Developing a Disaster Recovery Planning Checklist
When disaster strikes, businesses stand to permanently lose assets and information. However, businesses that maintain a robust Disaster Recovery Plan can limit the resulting loss and damage. If this seems obvious, you might think that every business maintains a disaster recovery plan. That would be a faulty assumption.
Many businesses operate without a robust disaster recovery plan and some have no disaster recovery plan in place. Reasons for not maintaining a disaster recovery plan range from not believing the risk is high enough to warrant the expense, to not understanding how to develop a disaster recovery plan.
In this post, we will not attempt to persuade you about the potential consequences of not having a disaster recovery plan in place. You can read about that in a CIS blog post Disaster Recovery and Business Continuity. Instead, we will provide you with a stepwise guide, which will help you understand how to develop and implement an economic and robust disaster recovery plan.

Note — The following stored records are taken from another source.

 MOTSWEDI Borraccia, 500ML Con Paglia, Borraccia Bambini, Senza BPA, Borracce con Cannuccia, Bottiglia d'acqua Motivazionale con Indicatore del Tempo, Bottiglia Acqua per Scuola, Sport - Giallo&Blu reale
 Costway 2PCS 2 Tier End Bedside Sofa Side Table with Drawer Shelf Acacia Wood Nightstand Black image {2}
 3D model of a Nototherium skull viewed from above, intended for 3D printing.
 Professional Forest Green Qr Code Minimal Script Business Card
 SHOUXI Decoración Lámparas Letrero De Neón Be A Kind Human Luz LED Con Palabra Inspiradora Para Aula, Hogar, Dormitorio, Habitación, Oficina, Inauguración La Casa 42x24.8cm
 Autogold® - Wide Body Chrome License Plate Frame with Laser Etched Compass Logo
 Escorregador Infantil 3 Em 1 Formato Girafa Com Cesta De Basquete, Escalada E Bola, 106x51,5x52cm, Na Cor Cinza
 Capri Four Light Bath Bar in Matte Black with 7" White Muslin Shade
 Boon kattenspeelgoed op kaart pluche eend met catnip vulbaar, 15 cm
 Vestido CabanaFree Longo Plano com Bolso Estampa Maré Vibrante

NOTE: Diverse companies, across a wide range of industries and operating scenarios, use similar procedures for developing disaster recovery plans. In this post, however, we focus only on data protection and recovery of IT infrastructure and information assets, as they apply to any business, regardless of industry.

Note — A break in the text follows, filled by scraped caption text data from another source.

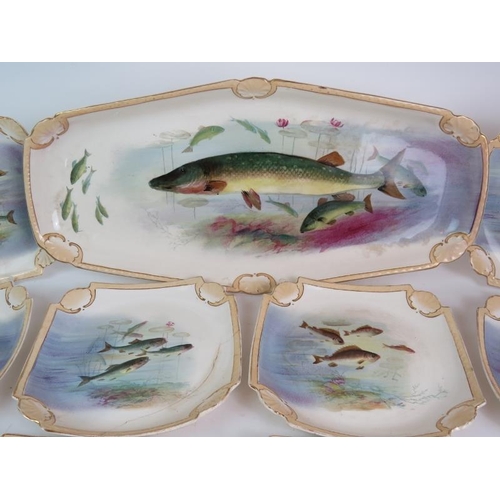 131 - A late 19th Century German porcelain 12 piece fish service by Franz Ant Mehlem, each piece individua... 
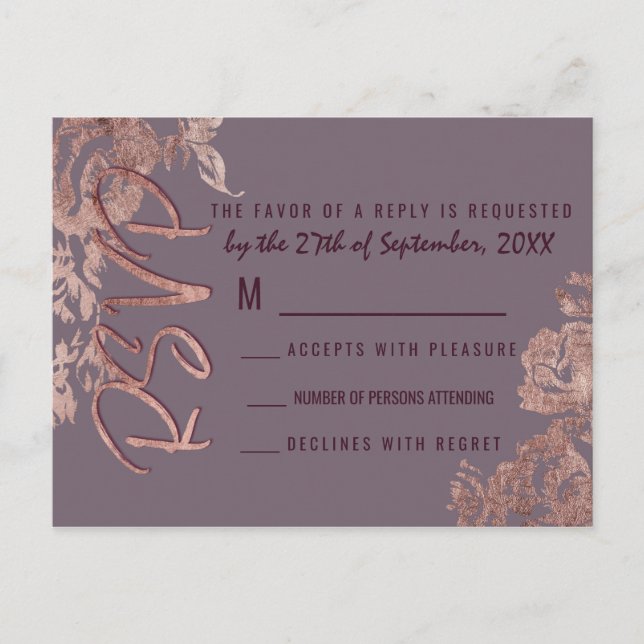 Postal De Invitación Elegante Rosa Dorado Floral Rosa Purpura RSVP (Anverso)
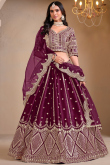 Plum Purple Chinnon Lehenga with Zari Work for Diwali 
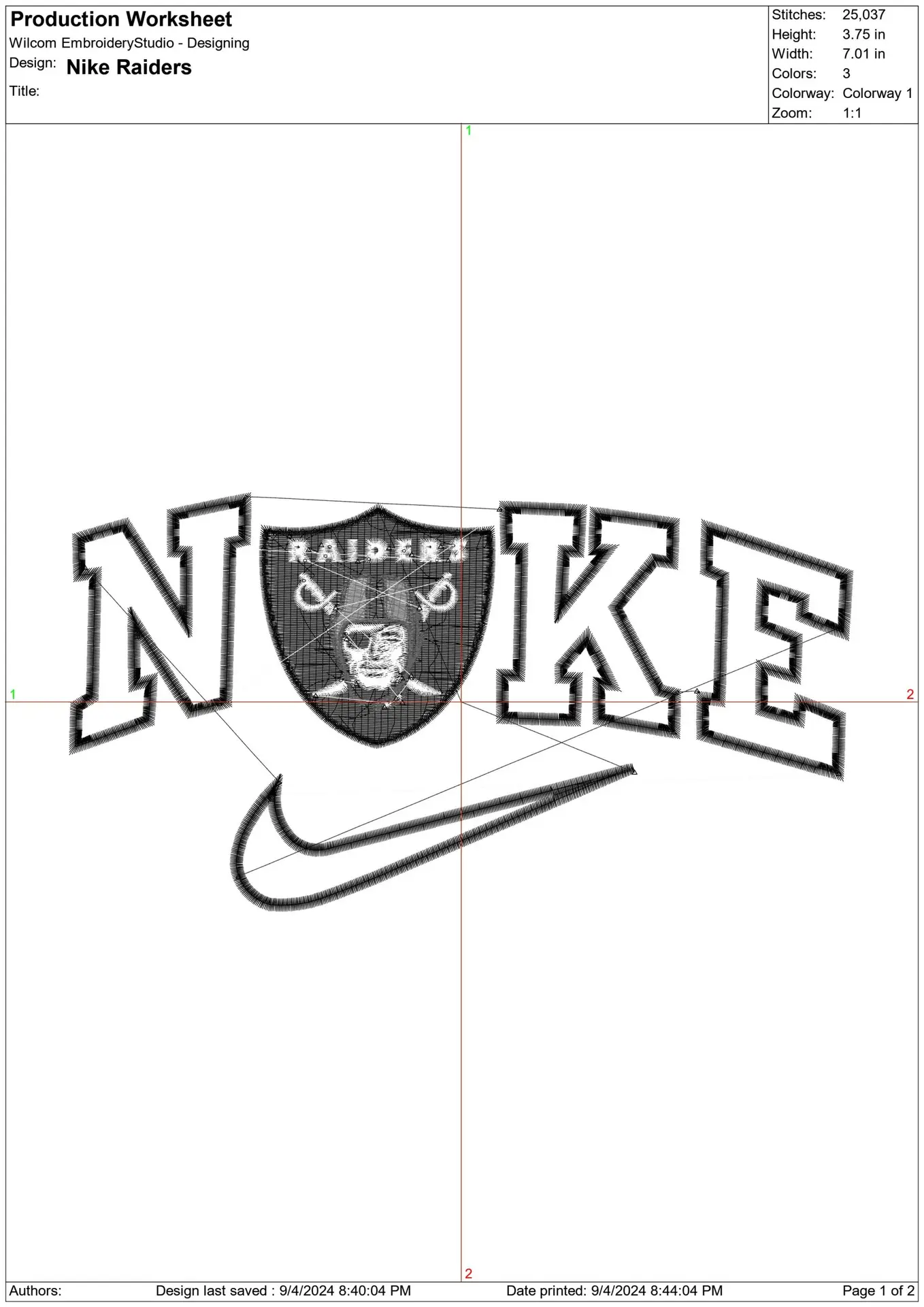 Nike Swoosh Las Vegas Raiders - Nike embroidery design file - instant download — view 2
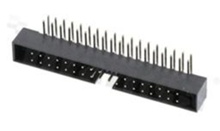 Full shrouded header for PCB; pitch 2.00mm; 36-contacts; THT; male; side entry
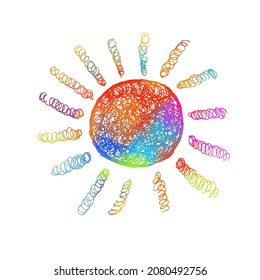 Multicolored sun object. Vector illustration
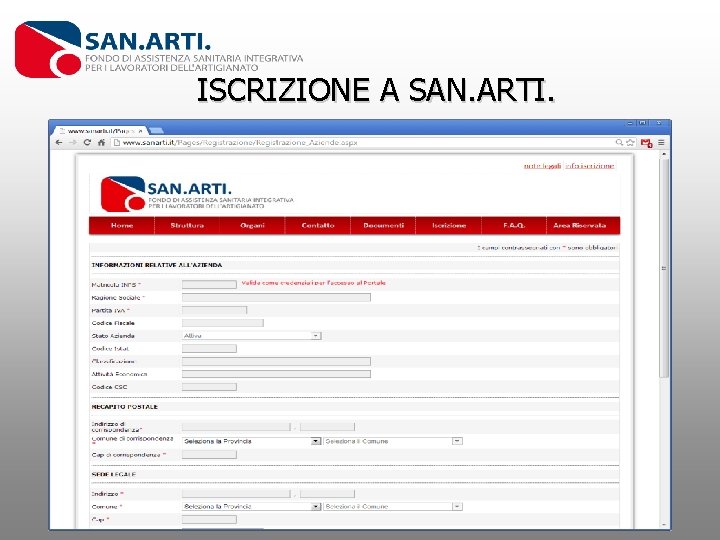 ISCRIZIONE A SAN. ARTI. 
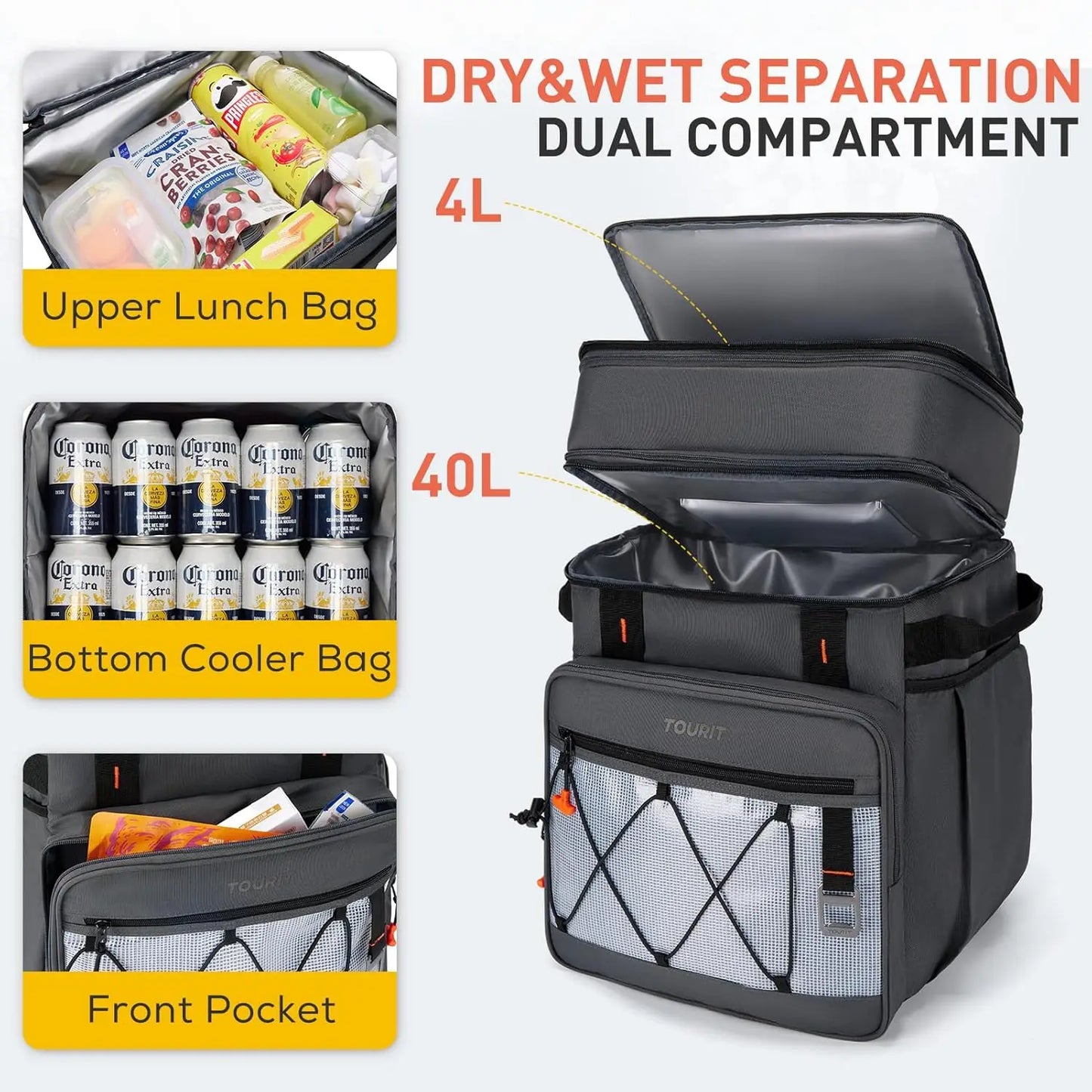 75 Can Insulated Rolling Cooler With Wheels For Beach, Camping, Picnic, Travel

1. Perform Risk Assessment
Consistent with NIST/FISMA guidelines for the protection of information assets, we recommend conducting a risk assessment as a means of identifying risks, controls, and mitigations. Effectiveness of a Disaster Recovery Plan depends on a robust risk assessment.
In the first step of a risk assessment, we identify hazards that, if not contained, have the potential to cause harm. Additionally, we define the potential consequences of the uncontrolled release of the hazard. Next, we identify controls in place to contain the hazards. Finally, we identify threats that jeopardize the effectiveness of the controls.
Below we provide some considerations for risk assessment applied specifically to averting potential data and information loss due to a disaster, and to assist the development of a data recovery plan.
Identify Hazards – We can group hazards into two main categories, including naturally occurring hazards and man-made hazards. Naturally occurring hazards include damaging events such as hurricanes, tornados, or floods. Man-made hazards can include events such as fire, or a ransomware attack. Exposure to any of these hazards can result in a disastrous loss of data and information.
Define Controls – We attempt to contain hazards by putting controls in place that will limit exposure sufficiently to eliminate damage. Controls for limiting exposure to natural hazards may include offsite data backup to a location deemed safe, or isolated from the hazard. Controls for limiting exposure to man-made hazards may include cybersecurity controls firewalls, AV/AM scanning, employee training, etc.
Identify Threats to Controls – Rarely should we consider controls 100% effective, because threats can jeopardize the effectiveness of controls. For example, hackers finding ways around firewalls represents a threat to firewalls as control of unwanted entry to a computer network.
Assess Risk – We can rate risk based on a combination of the severity of consequences and probability of occurrence. Typical risk severity ranking categories include acceptable, tolerable, undesirable, and intolerable. Similarly, a typical probability of occurrence categories includes improbable, possible, and probable. Assessment of risk in this manner facilitates decision making on the level of protection to deploy.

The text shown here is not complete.